=== ABOUT THIS TASK ===
Return a faithful copy of all the entries, omitting the images.

Caption-style text data:
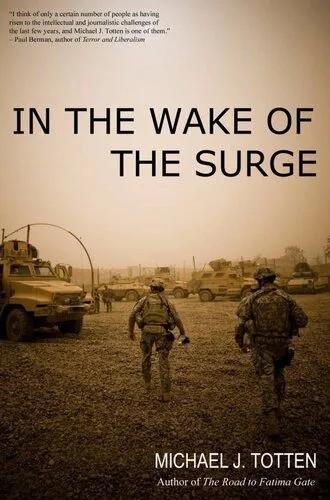 دانلود نسخه کامل کتاب In the Wake of the Surge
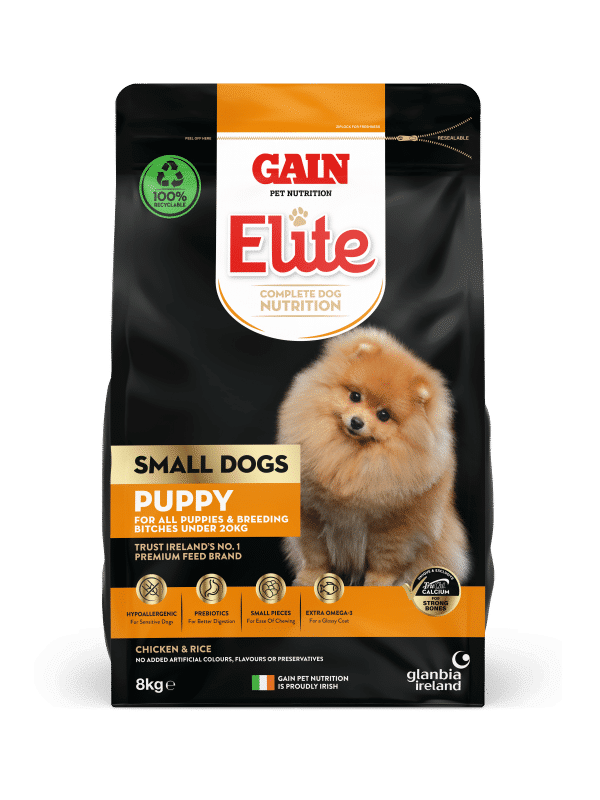 Small Dog Puppy Premium Dog Food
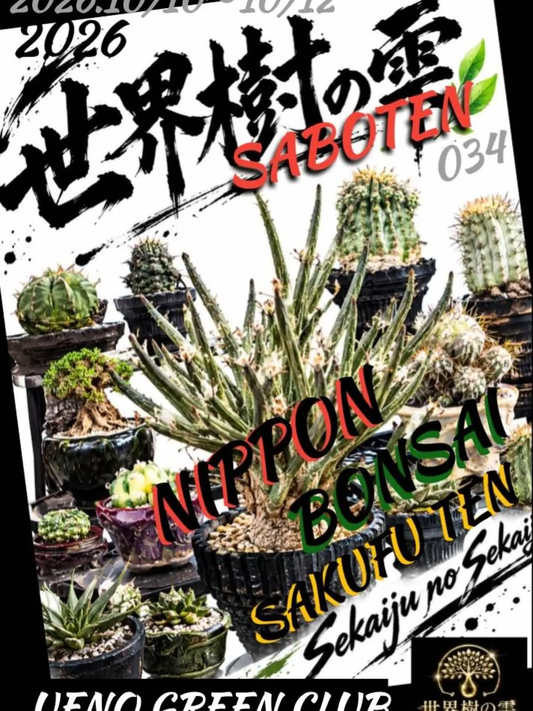 上野グリーンクラブで「日本盆栽 作風展」10月10日〜12日に開催、盆栽の名品を展示・販売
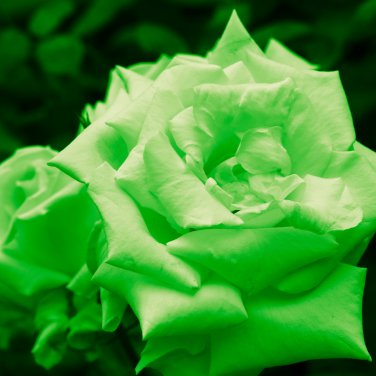 Yunnan Dark Green Rose Seedling Perennial Flower 20 PCS Seeds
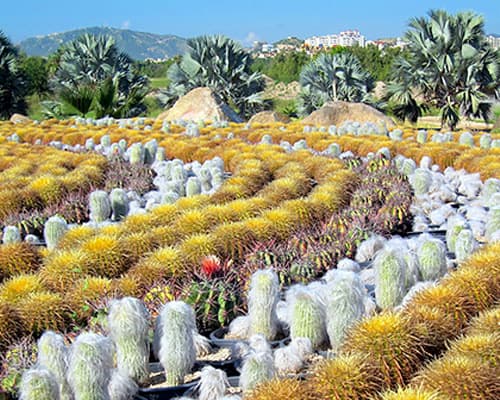 Imagen - Los Cabos - Hotel Nobu Los Cabos con vuelo incluido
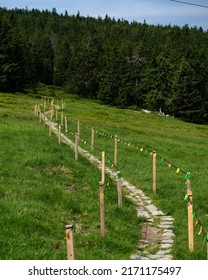 Mountain Trail With Limited Access To A Protected Lawn. No Going Off The Path Nature Protection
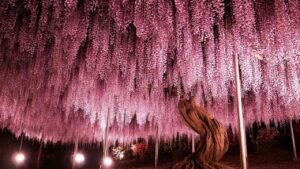 L’albero di glicine più vecchio del mondo è in vita da 150 anni: scopriamo i segreti dell’albero più famoso del parco di Ashikaga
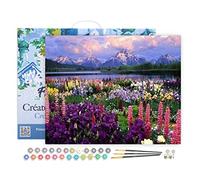 Figured'Art Peinture par Numéro Adulte avec Cadre Fleurs et Lac au Pied de la Montagne - Activité Manuelle Kit de Loisir Créatif DIY Numéro d'art Complet - 40x50cm Toile tendue sur châssis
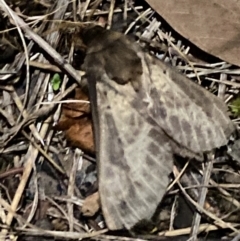 Oxycanus (genus) at Aranda, ACT - 12 May 2024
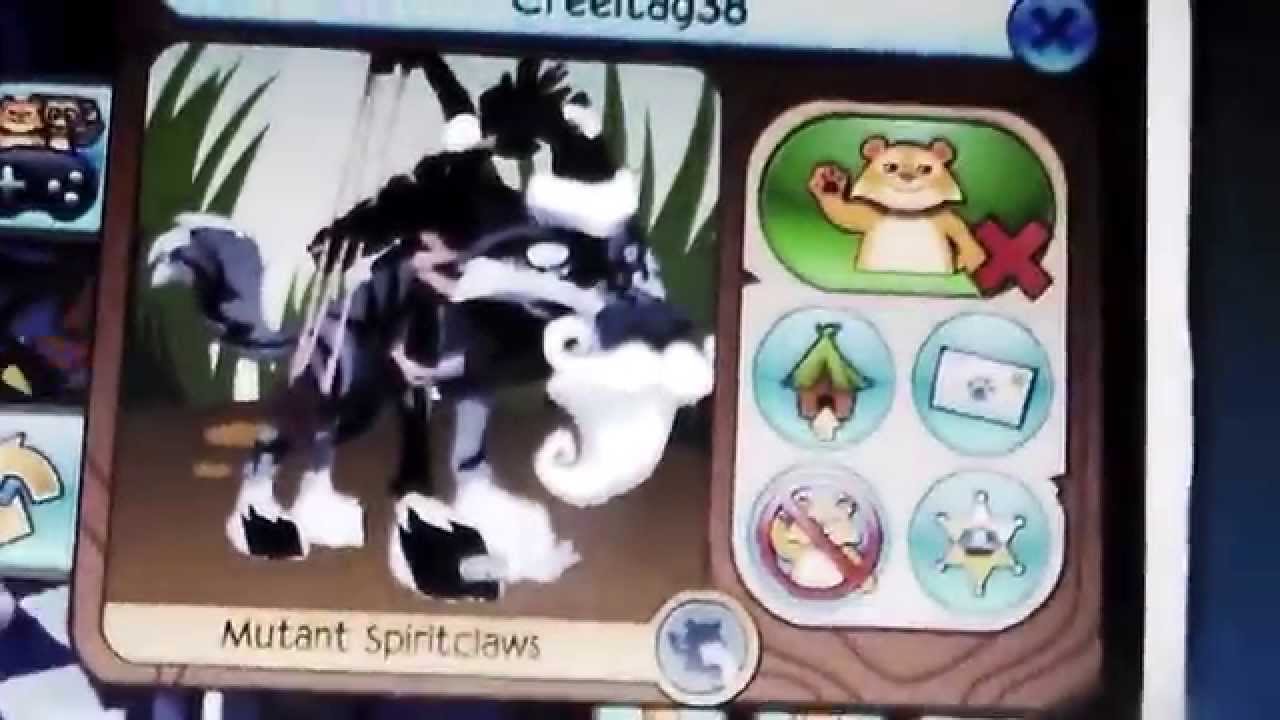 Animal Jam Dance Party!!!! YouTube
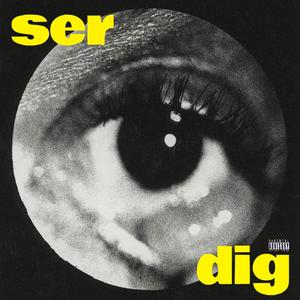 ser dig (Explicit)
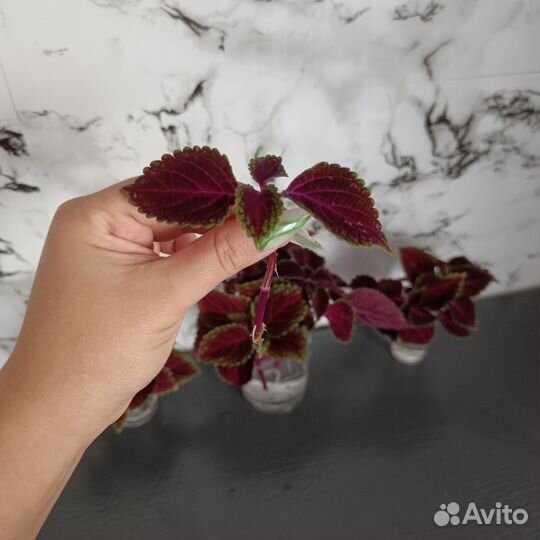 Колеус рассада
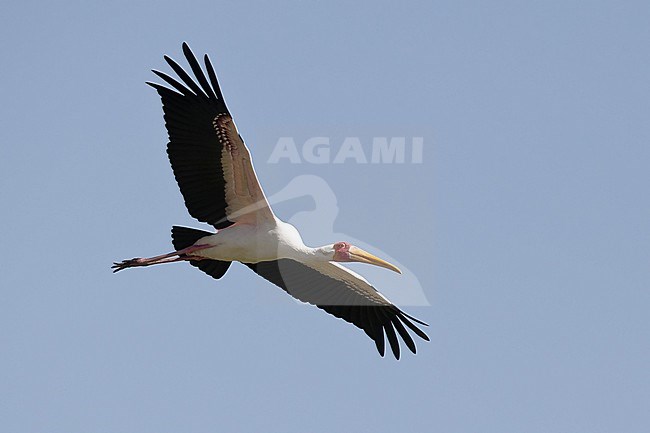 Adult Yellow-billed Stork (Mycteria ibis) in flight from below above Lake Chamo in Ethiopia stock-image by Agami/Mathias Putze,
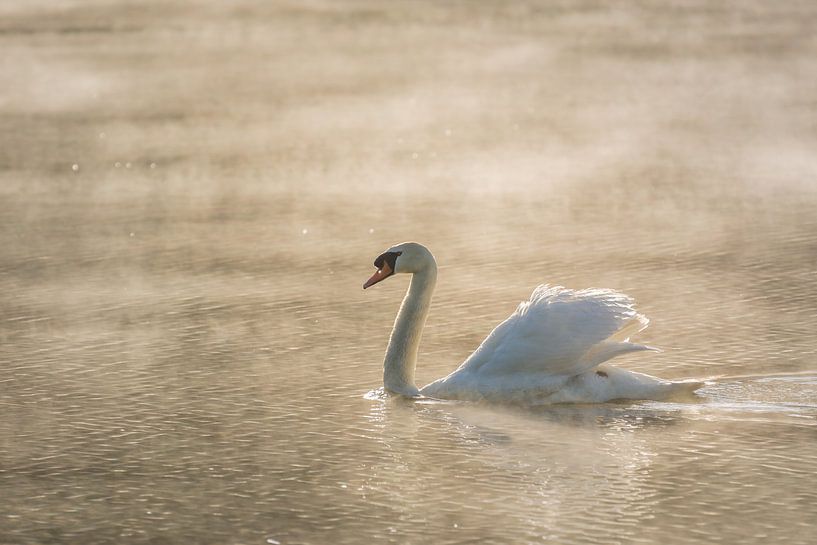 Zwaan op een meer tijdens een mistige zonsopkomst in de Cranenweyer van John van de Gazelle fotografie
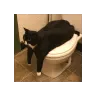 toiletcube
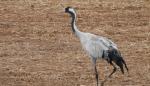 Más de 19.000 grullas descansan ya en la laguna de Gallocanta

=== PROBLEM SOLUTION ===
 دانلود نسخه کامل کتاب In the Wake of the Surge
 Small Dog Puppy Premium Dog Food
 上野グリーンクラブで「日本盆栽 作風展」10月10日〜12日に開催、盆栽の名品を展示・販売
 Yunnan Dark Green Rose Seedling Perennial Flower 20 PCS Seeds
 Imagen - Los Cabos - Hotel Nobu Los Cabos con vuelo incluido
 Mountain Trail With Limited Access To A Protected Lawn. No Going Off The Path Nature Protection
 L’albero di glicine più vecchio del mondo è in vita da 150 anni: scopriamo i segreti dell’albero più famoso del parco di Ashikaga
 Figured'Art Peinture par Numéro Adulte avec Cadre Fleurs et Lac au Pied de la Montagne - Activité Manuelle Kit de Loisir Créatif DIY Numéro d'art Complet - 40x50cm Toile tendue sur châssis
 Oxycanus (genus) at Aranda, ACT - 12 May 2024
 Animal Jam Dance Party!!!! YouTube
 ser dig (Explicit)
 Колеус рассада
 Adult Yellow-billed Stork (Mycteria ibis) in flight from below above Lake Chamo in Ethiopia stock-image by Agami/Mathias Putze,
 Zwaan op een meer tijdens een mistige zonsopkomst in de Cranenweyer van John van de Gazelle fotografie
 toiletcube
 Más de 19.000 grullas descansan ya en la laguna de Gallocanta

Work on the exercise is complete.